La consommation de protéines animales diminue le pH urinaire mais n’a pas d’impact sur l’équilibre calcique, le métabolisme osseux et le risque de fracture ostéoporotique.Dans cet article, le Professeur Jean Philippe Bonjour revisite l’historique des arguments qui sous-tendent l’hypothèse selon laquelle une alimentation « acidifiante » liée à une consommation importante de protéines animale serait délétère pour l’os à l’inverse des « aliments alcalinisants ». Pour montrer que cette hypothèse oublie un élément essentiel : le rein.

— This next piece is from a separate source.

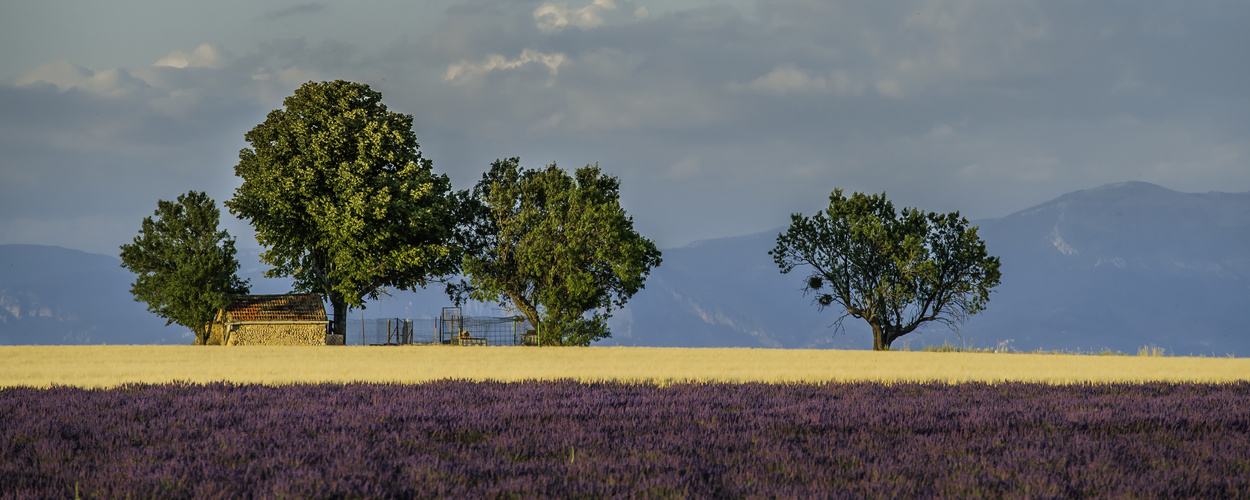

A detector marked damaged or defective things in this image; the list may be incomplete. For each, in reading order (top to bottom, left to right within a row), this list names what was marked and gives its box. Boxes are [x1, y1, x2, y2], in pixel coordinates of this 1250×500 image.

rusty corrugated roof [223, 294, 326, 322]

Au milieu du 19ème siècle Claude Bernard a montré la relation entre alimentation et pH urinaire dans une expérience sur des lapins. Un siècle plus tard, des études caricaturales menées auprès de patients ayant une acidose liée à une insuffisance rénale et auprès de bien-portants auxquels ont avait administré du chlorure d’ammonium (!) à forte dose pour induire une acidose suggéraient un rôle de tampon du tissu osseux dans l’équilibre acido-basique. De là est née la théorie acide-base, qui est en fait fausse.
En effet, le pH sanguin est une variable très stable et finement régulée. L’organisme est équipé de plusieurs systèmes tampons sanguins capables de neutraliser les protons qui sont éliminés par voie respiratoire sous forme de CO2 alors que le rein, lui, est capable d’excréter les protons et de réabsorber les bicarbonates.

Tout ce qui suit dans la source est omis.